Come ho potuto segnalare nel volume “Il Potenziale Umano”, nel metodo HPM viene utilizzata in particolare la “cartografia di Fisher”[1], una metodica poco nota, di frontiera, nata per mappare gli stati mentali, la percezione, sino agli stati alterati di coscienza (ASC – Altered States of Consciousness).

Si tratta di un’area di studi di alto interesse negli anni ‘60 e ‘70, oggi poco frequentata, ma assolutamente utile per localizzare i tipi di attivazione mentale. Questa scala è stata da me ulteriormente rielaborata ed utilizzata su più fronti, per progettare training variati in termini di intensità e tipo di esperienza, e portare nuovi concetti nella psicologia umanistica dell’acquisto, una psicologia del marketing che rispetta la persona.

In generale, le tecniche di frazionamento servono per evitare la monotonia e la noia, ma anche la perdita di efficacia di una tecnica che arriva inevitabilmente in seguito alla mancanza di varietà nel tipo di lavoro allenante svolto o negli stimoli presenti. Sequenze di input e stimoli, in cui le varie tipologie di stimolo (nel marketing), di  esercizio o esercitazione (nella formazione aziendale) vengono combinate nel tempo, danno luogo a maggiore varietà e maggiore efficacia, perchè rispettano i bisogni basilari della fisiologia umana.

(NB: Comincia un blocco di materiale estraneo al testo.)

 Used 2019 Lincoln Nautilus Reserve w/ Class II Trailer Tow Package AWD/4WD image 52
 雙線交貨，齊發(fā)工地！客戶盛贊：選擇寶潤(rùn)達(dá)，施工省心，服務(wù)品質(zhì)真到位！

Bene. Questo vale per chi vuole far propri alcuni concetti basilari e fondamentali di una nuova psicologia del marketing umanistico. Come farlo. Occorre mettere mano ai metri quadri e variarli. Occorre costruire isole esperienziali d’acquisto (mondi emotivi, isole connotate, “emergenze” merceologiche) affiancate a zone di decompressione cognitiva, nei quali è possibile inserire ogni tipo di stimolazione naturalistica, elementi architettonici connotati, zone verdi interne, zone di relax, angoli di meditazione d’aquisto, zone di consulenza d’aquisto, zone di problem-solving d’acquisto… e tanti altri strumenti (non mi è possibile sviluppare in questo spazio un intero manuale, ma le tecniche esistono).

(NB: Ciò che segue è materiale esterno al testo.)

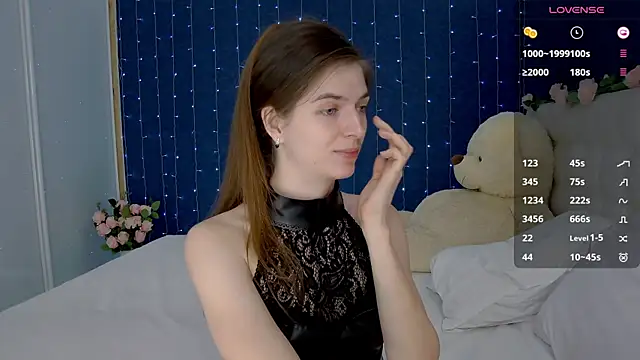 Snapshot of -Mirror-Girl- chatting on 01-31-25, 01:12 -Mirror-Girl- online show from 01-31-25, 01:12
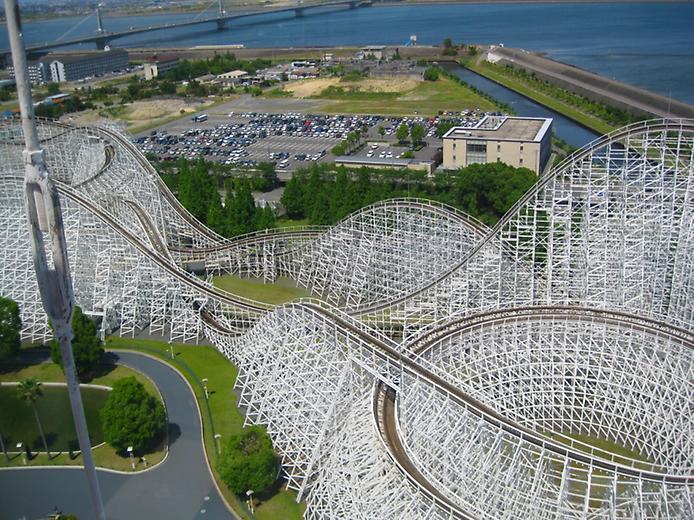 деревянные американские горки White Cyclone на фоне неба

Tradurre questi concetti in pratica è assolutamente possibile. Soprattutto, attraverso azioni di perceptual engineering (ingegneria esperienziale), attività che uniscono un lavoro di tipo architettonico (diversa disposizione delle merci, illuminazioni, aree e zone di acquisto diversificate, intervento dei sensi e marketing polisensoriale), visual merchandising innovativo centrato sulle “isole esperienziali” (assolutamente diverso da quello classico), nuove geometrie interne, nuova e diversa formazione del personale di contatto, formazione forte dei manager sui principi del marketing percettivo, iniziative di sensibilizzazione della direzione aziendale per i nuovi temi di psicologia del cliente, una grande voglia di creare spazi di aquisto positivi, unita al know-how necessario, e… un forte valore di fondo: considerare il cliente come un essere umano.

Poche aziende hanno oggi la sensibilità per farlo, ma chi investe oggi su questi punti sta costruendo i fattori reali del suo vantaggio competitivo.

Daniele Trevisani


[1] Fisher, Roland (1971), A Cartography of the Ecstatic and Meditative States, in: Science 26 November 1971: Vol. 174. no. 4012, pp. 897 – 904.